Teletrabajo

¿Está tu móvil matando tu productividad?

Si sufres nomofobia, aunque sea moderada, es probable. La necesidad de saber qué es esa notificación que acabas de recibir en el móvil te abstrae de cualquier otra cosa que estés haciendo, incluyendo tu trabajo.

Un recordatorio del calendario, un correo, el cumpleaños de un amigo o un ingreso en la cuenta bancaria. Son sólo cuatro de las muchas cosas que puede significar esa notificación que acabas de recibir en el móvil mientras trabajas. Pero siempre tiene el mismo efecto: abstraerte de lo que estás haciendo.

Y es que nuestro móvil es uno de los elementos que más nos distraen, respondamos o no a las notificaciones.

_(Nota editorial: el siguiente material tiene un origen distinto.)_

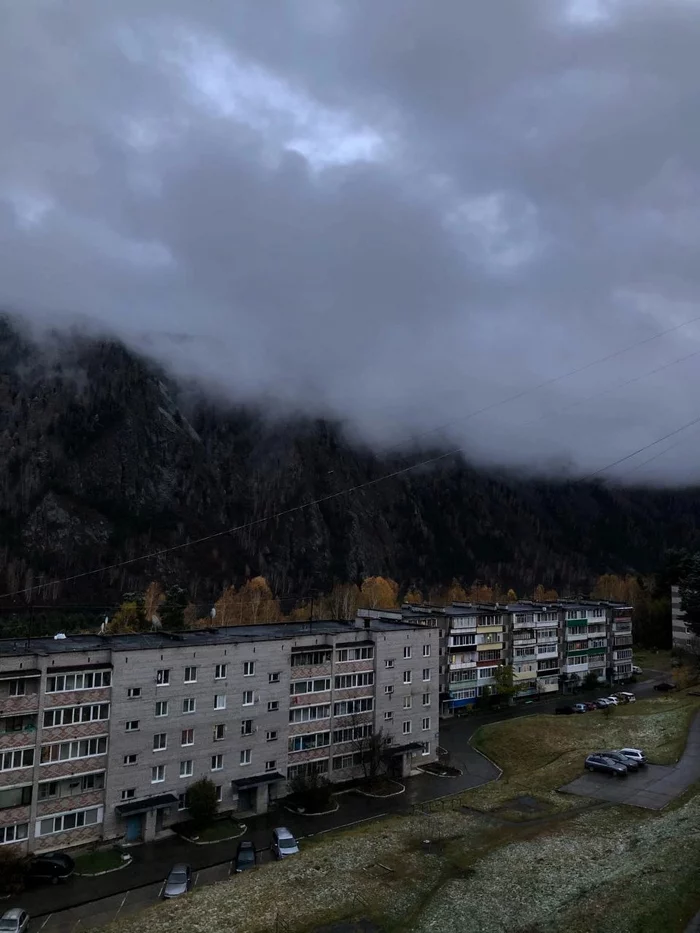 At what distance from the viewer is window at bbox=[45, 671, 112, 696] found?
42188 millimetres

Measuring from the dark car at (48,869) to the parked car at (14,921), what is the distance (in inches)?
217

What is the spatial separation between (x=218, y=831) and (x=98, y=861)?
809 centimetres

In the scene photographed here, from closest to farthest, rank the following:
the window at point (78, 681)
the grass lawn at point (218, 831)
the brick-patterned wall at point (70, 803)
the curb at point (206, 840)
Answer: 1. the brick-patterned wall at point (70, 803)
2. the window at point (78, 681)
3. the curb at point (206, 840)
4. the grass lawn at point (218, 831)

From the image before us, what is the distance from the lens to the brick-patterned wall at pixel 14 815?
129 feet

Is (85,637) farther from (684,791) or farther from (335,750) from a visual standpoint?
(684,791)

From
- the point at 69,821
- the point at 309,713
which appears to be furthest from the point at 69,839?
the point at 309,713

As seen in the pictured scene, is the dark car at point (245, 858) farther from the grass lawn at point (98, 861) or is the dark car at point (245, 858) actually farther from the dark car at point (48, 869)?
the dark car at point (48, 869)

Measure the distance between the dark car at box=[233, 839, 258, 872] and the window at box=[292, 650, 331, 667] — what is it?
15.5 metres

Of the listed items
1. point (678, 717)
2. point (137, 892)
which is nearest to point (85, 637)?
point (137, 892)

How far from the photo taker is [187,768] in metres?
47.2

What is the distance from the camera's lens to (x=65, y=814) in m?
41.6

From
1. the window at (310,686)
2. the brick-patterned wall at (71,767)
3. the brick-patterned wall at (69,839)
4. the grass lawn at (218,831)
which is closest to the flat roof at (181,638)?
the window at (310,686)

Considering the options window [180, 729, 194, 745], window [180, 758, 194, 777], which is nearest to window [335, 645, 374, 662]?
window [180, 729, 194, 745]

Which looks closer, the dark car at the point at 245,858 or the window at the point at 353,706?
the dark car at the point at 245,858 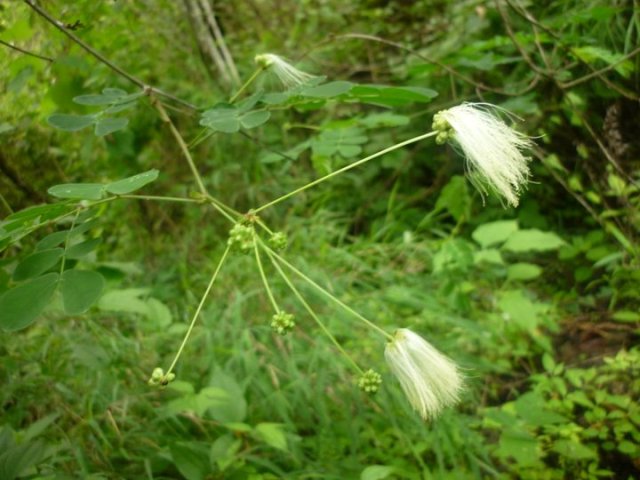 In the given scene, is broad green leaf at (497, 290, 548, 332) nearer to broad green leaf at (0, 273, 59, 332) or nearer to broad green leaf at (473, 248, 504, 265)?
broad green leaf at (473, 248, 504, 265)

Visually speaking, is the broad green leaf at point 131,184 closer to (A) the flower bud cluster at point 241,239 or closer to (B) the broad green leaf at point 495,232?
(A) the flower bud cluster at point 241,239

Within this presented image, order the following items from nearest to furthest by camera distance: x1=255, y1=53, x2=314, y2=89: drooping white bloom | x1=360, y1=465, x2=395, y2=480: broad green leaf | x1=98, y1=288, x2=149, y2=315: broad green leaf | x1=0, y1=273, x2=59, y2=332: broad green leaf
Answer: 1. x1=0, y1=273, x2=59, y2=332: broad green leaf
2. x1=360, y1=465, x2=395, y2=480: broad green leaf
3. x1=255, y1=53, x2=314, y2=89: drooping white bloom
4. x1=98, y1=288, x2=149, y2=315: broad green leaf

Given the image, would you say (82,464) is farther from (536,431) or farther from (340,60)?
(340,60)

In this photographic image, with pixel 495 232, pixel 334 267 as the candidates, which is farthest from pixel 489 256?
pixel 334 267

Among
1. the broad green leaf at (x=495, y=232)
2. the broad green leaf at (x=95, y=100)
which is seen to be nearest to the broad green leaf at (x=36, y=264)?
the broad green leaf at (x=95, y=100)

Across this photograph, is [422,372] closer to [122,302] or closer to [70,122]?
[70,122]

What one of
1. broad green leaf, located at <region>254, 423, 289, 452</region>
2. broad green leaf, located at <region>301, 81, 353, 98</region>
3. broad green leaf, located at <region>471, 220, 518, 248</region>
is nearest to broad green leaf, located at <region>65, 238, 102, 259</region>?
broad green leaf, located at <region>301, 81, 353, 98</region>

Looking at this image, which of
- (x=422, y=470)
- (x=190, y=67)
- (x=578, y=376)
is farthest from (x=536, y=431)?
(x=190, y=67)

Cuando escuchamos el sonido (o vemos la luz led de aviso que incluyen muchos modelos) nuestra capacidad de concentración se ve automáticamente reducida, y las probabilidades de comerte un error son tan altas como si respondiéramos a una llamada.

Son las llamadas distracciones digitales y su efecto entre los millennials es todavía mayor porque son heavy users de los móviles y por ende reciben más notificaciones.

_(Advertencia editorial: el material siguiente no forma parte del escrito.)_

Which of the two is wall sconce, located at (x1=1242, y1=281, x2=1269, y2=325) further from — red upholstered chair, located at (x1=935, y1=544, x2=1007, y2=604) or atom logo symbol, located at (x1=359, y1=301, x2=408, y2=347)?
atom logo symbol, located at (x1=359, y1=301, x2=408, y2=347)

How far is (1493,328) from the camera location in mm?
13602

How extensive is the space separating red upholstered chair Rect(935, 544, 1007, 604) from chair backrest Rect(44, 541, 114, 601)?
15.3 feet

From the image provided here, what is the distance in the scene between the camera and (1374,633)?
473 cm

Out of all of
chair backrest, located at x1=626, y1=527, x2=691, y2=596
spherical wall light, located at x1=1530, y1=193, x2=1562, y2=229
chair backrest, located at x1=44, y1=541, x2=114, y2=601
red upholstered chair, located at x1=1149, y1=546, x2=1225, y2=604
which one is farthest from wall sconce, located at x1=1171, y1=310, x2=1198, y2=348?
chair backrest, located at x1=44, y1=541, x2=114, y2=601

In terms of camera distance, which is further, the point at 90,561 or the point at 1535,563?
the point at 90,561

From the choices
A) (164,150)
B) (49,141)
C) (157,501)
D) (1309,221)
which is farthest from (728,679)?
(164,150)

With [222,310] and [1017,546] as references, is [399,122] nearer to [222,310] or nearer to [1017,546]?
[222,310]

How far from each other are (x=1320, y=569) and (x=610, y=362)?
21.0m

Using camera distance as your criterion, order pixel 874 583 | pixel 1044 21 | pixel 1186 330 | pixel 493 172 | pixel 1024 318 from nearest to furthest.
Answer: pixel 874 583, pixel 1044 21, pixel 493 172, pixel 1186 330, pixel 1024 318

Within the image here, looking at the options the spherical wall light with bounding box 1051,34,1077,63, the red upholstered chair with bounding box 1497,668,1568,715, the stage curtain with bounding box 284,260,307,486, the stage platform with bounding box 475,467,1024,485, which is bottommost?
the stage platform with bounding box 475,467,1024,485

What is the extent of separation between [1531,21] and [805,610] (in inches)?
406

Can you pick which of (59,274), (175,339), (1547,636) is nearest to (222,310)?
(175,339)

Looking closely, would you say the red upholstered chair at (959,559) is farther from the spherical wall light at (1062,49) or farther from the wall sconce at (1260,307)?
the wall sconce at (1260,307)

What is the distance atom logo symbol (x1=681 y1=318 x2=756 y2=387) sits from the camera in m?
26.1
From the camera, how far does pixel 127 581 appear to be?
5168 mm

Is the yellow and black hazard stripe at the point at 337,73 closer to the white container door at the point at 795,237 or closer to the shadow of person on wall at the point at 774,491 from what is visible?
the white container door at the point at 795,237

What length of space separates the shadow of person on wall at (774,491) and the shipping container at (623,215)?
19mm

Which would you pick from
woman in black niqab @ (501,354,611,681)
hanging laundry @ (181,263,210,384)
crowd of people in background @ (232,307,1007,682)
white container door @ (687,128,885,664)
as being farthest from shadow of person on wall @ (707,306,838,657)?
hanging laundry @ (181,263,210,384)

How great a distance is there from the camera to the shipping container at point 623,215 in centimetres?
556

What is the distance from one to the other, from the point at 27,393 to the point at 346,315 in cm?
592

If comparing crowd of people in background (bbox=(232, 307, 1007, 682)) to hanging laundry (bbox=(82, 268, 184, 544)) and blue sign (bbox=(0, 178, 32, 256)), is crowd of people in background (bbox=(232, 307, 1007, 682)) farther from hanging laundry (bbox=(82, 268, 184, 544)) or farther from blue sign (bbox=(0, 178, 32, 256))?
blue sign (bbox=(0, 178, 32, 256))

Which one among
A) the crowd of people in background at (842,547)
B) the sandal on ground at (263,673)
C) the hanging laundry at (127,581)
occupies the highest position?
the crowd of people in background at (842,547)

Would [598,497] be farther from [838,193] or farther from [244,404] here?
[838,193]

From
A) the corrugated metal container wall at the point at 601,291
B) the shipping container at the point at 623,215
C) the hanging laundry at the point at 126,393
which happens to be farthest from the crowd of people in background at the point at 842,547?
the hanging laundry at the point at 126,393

Según un estudio de Pew Research Center, un usuario de entre 18 y 24 años manda y recibe una media de 109,5 mensajes en su móvil cada día; si tenemos en cuenta que pasa alrededor de un tercio de la jornada en el trabajo, sólo en este contexto recibe de media entre 30 y 40 mensajes (esto sin tener en cuenta los grupos en los que pueda estar incluido, ya que en ese caso la cifra puede dispararse).

La distracción que provocan las dichosas notificaciones no es más que la necesidad de saber qué significan; cuando revisamos la respuesta que nos dan a un mensaje o accedemos a información que un segundo antes no teníamos, nuestro cerebro activa la dopamina, que nos produce satisfacción.

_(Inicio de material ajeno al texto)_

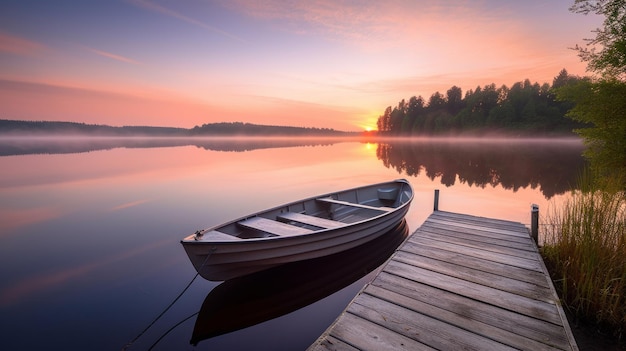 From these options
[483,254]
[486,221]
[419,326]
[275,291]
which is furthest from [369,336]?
[486,221]

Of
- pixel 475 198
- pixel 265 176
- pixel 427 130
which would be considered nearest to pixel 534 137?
pixel 427 130

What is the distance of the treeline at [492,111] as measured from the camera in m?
64.9

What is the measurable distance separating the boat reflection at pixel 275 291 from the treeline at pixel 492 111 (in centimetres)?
6510

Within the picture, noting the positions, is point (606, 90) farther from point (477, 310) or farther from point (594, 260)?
point (477, 310)

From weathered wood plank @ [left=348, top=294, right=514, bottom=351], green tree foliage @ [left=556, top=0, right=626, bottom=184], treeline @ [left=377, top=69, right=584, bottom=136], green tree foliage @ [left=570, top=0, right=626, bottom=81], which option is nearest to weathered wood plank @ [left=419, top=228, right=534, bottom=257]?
weathered wood plank @ [left=348, top=294, right=514, bottom=351]

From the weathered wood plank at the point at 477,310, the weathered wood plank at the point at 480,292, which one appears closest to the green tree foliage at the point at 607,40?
the weathered wood plank at the point at 480,292

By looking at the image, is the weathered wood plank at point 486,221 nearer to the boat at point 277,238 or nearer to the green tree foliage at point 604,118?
the boat at point 277,238

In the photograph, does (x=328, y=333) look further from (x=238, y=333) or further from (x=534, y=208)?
(x=534, y=208)

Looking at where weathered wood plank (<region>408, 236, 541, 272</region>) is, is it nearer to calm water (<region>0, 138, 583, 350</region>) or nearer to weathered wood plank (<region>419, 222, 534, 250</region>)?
weathered wood plank (<region>419, 222, 534, 250</region>)

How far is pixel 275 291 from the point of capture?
5777mm

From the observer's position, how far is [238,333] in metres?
4.74

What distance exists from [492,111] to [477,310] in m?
83.8

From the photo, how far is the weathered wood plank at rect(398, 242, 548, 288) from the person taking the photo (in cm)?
416

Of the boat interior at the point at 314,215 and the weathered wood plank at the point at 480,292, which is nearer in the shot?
the weathered wood plank at the point at 480,292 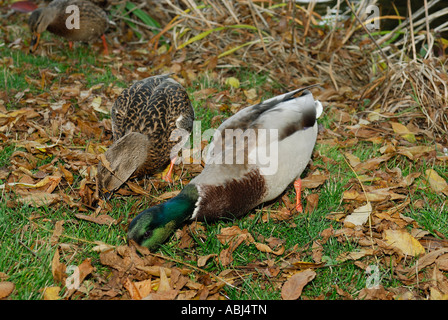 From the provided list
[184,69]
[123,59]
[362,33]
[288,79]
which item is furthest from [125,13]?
[362,33]

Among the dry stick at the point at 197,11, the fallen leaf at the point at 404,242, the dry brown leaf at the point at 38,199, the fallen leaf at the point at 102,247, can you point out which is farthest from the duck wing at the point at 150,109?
the fallen leaf at the point at 404,242

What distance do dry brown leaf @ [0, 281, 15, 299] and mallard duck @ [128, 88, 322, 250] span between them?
0.64m

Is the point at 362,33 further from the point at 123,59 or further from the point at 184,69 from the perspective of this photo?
the point at 123,59

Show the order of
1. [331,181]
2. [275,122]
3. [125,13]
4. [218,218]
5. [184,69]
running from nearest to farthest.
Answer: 1. [218,218]
2. [275,122]
3. [331,181]
4. [184,69]
5. [125,13]

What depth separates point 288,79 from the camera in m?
5.16

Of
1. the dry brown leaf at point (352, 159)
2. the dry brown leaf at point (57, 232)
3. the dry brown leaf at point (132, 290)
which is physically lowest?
the dry brown leaf at point (352, 159)

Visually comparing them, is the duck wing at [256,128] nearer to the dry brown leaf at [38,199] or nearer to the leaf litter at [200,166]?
the leaf litter at [200,166]

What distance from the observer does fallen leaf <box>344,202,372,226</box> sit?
3.11 metres

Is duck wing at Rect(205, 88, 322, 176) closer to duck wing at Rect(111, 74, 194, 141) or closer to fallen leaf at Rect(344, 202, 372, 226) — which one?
duck wing at Rect(111, 74, 194, 141)

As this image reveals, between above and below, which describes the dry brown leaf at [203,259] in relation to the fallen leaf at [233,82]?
above

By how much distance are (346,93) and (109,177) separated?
3.05 metres

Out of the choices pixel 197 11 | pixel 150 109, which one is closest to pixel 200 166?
pixel 150 109

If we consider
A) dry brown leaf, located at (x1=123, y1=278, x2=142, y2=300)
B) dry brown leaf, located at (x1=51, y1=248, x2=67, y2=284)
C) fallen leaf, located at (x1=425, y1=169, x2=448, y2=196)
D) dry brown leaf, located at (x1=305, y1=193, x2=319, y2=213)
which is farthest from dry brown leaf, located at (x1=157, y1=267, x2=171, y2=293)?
fallen leaf, located at (x1=425, y1=169, x2=448, y2=196)

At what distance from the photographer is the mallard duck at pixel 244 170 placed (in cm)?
268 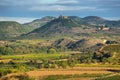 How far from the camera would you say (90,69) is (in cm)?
17200

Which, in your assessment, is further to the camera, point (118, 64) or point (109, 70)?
point (118, 64)

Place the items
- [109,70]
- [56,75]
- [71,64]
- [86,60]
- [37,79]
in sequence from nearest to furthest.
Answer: [37,79] → [56,75] → [109,70] → [71,64] → [86,60]

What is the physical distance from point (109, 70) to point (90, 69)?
9890mm

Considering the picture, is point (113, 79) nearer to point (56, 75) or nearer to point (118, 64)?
point (56, 75)

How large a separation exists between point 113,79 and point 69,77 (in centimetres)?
2242

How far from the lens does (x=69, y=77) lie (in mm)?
147875

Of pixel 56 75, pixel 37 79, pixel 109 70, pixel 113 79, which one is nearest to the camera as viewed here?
pixel 113 79

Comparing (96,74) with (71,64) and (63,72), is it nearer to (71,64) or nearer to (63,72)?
(63,72)

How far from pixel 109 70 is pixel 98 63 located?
26.3 metres

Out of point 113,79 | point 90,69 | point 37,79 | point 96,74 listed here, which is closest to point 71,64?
point 90,69

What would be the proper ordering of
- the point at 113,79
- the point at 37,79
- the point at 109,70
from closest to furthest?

Esto acaba siendo la pescadilla que se muerde la cola: cuantas más notificaciones consulto, mejor me siento, y al final acabo siendo adicto.

Esta adicción tiene relación estrecha con la ya conocida nomofobia, trastorno por el que una persona se siente mal, aislada y desconectada (con cuadros de ansiedad en los casos más extremos) si no lleva encima su teléfono móvil y lo tiene sin batería y no puede consultarlo.

Es uno de lo males que aquejan a las sociedades modernas y conviene atender a los síntomas para ver si nos hemos convertido en escalvoss de nuestros terminales (dolor de cabeza o de estómago, pensamientos obsesivos o taquicardias).

Si fuera el caso, en conveniente acudir a un especialista, y en el entorno laboral, tomar ciertas medidas. Es difícil prescindir del móvil cuando en él tenemos aplicaciones que sirven tanto para la vida diaria como para la productividad, así que lo ideal es fraccionar el tiempo y utilizar determinados momento para consultarlo.

Apaga los avisos de notificaciones o siléncialos (asergurándote de que la luz led tampoco te distrae). Diversos estudios recogen que, de media, cada seis minutos miramos las actualizaciones en nuestras apps; por eso es recomendable dejar tu terminal apartado y cogerlo en momentos de descanso.

En cuanto a los emails, la notificación laboral por excelencia, también es aconsejable consultarlos y responderlos todos a la vez, y en momentos concretos del día.